Look through the records below and state how many lines carry the string "property", adding nothing.
#### Supplied entries ####
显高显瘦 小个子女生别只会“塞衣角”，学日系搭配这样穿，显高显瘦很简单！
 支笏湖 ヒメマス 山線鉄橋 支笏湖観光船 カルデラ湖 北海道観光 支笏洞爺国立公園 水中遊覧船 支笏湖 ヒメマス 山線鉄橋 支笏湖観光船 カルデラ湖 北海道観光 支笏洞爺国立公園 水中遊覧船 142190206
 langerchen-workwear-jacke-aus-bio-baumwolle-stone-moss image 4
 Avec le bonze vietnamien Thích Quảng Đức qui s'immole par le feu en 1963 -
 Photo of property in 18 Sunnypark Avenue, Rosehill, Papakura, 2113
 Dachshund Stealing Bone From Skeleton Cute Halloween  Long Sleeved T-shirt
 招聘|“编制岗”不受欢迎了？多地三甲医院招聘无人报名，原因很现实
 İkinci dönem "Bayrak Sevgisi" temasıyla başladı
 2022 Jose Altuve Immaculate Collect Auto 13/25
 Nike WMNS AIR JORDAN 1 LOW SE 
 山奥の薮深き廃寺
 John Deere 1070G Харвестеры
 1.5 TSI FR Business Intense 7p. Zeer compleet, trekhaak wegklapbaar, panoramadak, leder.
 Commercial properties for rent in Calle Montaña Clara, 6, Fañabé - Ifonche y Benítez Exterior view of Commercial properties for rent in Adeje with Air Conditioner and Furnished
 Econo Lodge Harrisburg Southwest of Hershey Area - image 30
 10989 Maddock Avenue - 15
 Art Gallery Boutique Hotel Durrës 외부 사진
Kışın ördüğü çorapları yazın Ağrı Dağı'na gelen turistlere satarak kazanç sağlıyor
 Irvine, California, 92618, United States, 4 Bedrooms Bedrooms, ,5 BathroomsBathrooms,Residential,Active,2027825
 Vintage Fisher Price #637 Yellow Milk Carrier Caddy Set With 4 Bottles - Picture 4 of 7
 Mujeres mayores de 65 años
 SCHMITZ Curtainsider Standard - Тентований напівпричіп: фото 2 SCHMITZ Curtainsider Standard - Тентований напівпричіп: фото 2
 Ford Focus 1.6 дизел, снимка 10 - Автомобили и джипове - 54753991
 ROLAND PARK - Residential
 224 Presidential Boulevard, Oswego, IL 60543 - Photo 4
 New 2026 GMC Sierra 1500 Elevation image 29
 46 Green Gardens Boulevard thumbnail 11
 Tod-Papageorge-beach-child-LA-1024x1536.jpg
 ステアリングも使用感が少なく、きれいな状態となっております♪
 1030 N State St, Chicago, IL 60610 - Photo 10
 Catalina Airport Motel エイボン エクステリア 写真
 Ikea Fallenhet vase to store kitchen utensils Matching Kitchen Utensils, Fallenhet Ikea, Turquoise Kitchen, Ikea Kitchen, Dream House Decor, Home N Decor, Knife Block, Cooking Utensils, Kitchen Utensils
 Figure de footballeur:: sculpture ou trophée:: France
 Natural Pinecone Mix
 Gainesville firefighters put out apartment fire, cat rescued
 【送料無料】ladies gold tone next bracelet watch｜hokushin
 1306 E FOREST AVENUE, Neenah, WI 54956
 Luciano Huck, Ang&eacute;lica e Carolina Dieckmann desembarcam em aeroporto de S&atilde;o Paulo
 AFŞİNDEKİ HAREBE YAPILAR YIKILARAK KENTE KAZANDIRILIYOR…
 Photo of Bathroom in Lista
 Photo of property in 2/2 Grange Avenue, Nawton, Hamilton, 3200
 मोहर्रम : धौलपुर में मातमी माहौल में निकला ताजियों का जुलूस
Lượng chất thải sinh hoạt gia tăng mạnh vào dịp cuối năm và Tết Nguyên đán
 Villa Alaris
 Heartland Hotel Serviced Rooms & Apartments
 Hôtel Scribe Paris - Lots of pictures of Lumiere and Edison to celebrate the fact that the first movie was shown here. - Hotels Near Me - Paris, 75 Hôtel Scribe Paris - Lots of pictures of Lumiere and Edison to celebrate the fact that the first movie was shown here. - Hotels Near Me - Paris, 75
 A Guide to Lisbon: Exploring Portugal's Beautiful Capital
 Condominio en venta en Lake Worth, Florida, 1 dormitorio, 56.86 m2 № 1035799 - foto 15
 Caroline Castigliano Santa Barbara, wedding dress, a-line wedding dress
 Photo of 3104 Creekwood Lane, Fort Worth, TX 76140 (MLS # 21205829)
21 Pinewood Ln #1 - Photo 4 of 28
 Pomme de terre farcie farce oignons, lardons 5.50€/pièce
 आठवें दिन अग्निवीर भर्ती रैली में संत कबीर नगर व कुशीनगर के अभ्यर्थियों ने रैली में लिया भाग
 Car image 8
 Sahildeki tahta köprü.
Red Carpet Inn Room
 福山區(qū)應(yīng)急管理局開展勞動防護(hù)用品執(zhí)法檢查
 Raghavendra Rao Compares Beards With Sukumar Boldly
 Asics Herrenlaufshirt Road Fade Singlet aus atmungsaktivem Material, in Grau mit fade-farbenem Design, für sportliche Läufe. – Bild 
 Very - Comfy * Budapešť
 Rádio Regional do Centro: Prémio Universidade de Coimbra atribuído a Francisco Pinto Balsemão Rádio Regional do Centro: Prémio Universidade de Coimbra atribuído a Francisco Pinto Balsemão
####
== Response ==
2